Until people understand the kind of scale to expect when evaluating a
complex piece of software, then we can talk about database transaction
processing benchmark. This benchmark goes one step further. It bench
the entire software stack (kernel/library/application/compiler), it bench
the entire hardware platform (cpu/memory/IO/chipset) and on the grand
scale, it bench system integration: storage, network, interconnect, mid-
tier app server, front end clients, etc etc. Any specific function/
component only represent a small portion of the entire system, essential
but small. For example, the hottest function in the kernel is 7.5%, out
of 20% kernel time. If we throw away that function entirely, there will
be only 1.5% direct impact on total cpu cycles.
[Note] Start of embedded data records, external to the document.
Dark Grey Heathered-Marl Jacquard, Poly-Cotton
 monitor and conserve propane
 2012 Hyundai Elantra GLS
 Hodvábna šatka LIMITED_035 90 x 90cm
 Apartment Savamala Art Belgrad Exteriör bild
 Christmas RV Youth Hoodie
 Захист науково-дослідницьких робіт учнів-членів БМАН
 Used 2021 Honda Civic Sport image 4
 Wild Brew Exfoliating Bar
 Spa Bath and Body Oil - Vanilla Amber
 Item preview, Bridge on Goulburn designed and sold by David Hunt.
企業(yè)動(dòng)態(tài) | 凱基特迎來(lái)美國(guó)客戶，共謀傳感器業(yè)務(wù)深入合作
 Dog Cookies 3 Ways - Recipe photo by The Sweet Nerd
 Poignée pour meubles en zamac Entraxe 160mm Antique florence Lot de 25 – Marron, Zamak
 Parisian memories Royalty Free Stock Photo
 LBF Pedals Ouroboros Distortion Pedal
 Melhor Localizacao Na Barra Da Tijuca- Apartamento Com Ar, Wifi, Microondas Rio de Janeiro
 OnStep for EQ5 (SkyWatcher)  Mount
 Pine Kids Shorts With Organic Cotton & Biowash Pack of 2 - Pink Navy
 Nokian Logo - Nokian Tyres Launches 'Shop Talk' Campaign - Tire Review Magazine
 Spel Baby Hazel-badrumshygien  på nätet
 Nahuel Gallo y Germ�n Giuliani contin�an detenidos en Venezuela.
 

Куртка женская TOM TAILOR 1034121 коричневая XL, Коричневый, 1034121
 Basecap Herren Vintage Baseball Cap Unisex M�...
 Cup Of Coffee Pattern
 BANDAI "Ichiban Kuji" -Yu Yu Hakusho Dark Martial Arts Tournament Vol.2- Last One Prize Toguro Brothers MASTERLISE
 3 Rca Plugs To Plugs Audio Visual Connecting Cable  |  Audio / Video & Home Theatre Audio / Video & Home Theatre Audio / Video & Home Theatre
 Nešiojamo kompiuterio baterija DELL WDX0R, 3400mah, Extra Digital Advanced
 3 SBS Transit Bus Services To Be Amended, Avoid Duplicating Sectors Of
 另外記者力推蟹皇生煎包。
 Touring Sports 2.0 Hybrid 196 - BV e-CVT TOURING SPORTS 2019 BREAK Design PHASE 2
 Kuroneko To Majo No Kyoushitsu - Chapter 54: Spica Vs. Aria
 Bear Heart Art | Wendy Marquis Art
So what's the point? The point is when judging a number whether it is
thin or thick, it has to be judged against the complexity of SUT. It
has to be judged against a relevant scale for that particular workload.
And the scale has to be laid out correctly that represents the weight
of each component.

Losing 6% just from Linux kernel is a huge deal for this type of benchmark.
People work for days to implement features which might give sub percentage
gain. Making Software run faster is not easy, but making software run slower
apparently is a fairly easy task.



> Fine-grained alignment is probably too hard, and it should fall back to
> __blockdev_direct_IO().
>
> Does it do the right thing with a request which is non-page-aligned, but
> 512-byte aligned?
>
> readv and writev?
>

That's why direct_io_worker() is slower. It does everything and handles
every possible usage scenarios out there. I hope making the function fatter
is not in the plan.

- Ken


2005-03-10 20:36:31

by Andrew Morton

[permalink] [raw]
Subject: Re: Direct io on block device has performance regression on 2.6.x kernel

"Chen, Kenneth W" <[email protected]> wrote:
>
> Losing 6% just from Linux kernel is a huge deal for this type of benchmark.
> People work for days to implement features which might give sub percentage
> gain. Making Software run faster is not easy, but making software run slower
> apparently is a fairly easy task.
>
>

heh

>
> > Fine-grained alignment is probably too hard, and it should fall back to
> > __blockdev_direct_IO().
> >
> > Does it do the right thing with a request which is non-page-aligned, but
> > 512-byte aligned?
> >
> > readv and writev?
> >
>
> That's why direct_io_worker() is slower. It does everything and handles
> every possible usage scenarios out there. I hope making the function fatter
> is not in the plan.

We just cannot make a change like this if it does not support readv and
writev well, and if it does not support down-to-512-byte size and
alignment. It will break applications.

2005-03-10 22:02:05

by Chen, Kenneth W

[permalink] [raw]
Subject: RE: Direct io on block device has performance regression on 2.6.x kernel

Andrew Morton wrote on Thursday, March 10, 2005 12:31 PM
> > > Fine-grained alignment is probably too hard, and it should fall back to
> > > __blockdev_direct_IO().
> > >
> > > Does it do the right thing with a request which is non-page-aligned, but
> > > 512-byte aligned?
> > >
> > > readv and writev?
> > >
> >
> > That's why direct_io_worker() is slower. It does everything and handles
> > every possible usage scenarios out there. I hope making the function fatter
> > is not in the plan.
>
> We just cannot make a change like this if it does not support readv and
> writev well, and if it does not support down-to-512-byte size and
> alignment. It will break applications.

I must misread your mail. Yes it does support 512-byte size and alignment.
Let me work on the readv/writev support (unless someone beat me to it).

- Ken


2005-03-10 22:17:13

by Andrew Morton

[permalink] [raw]
Subject: Re: Direct io on block device has performance regression on 2.6.x kernel

"Chen, Kenneth W" <[email protected]> wrote:
>
> Let me work on the readv/writev support (unless someone beat me to it).

Please also move it to the address_space_operations level. Yes, there are
performance benefits from simply omitting the LFS checks, the mmap
consistency fixes, etc. But they're there for a reason.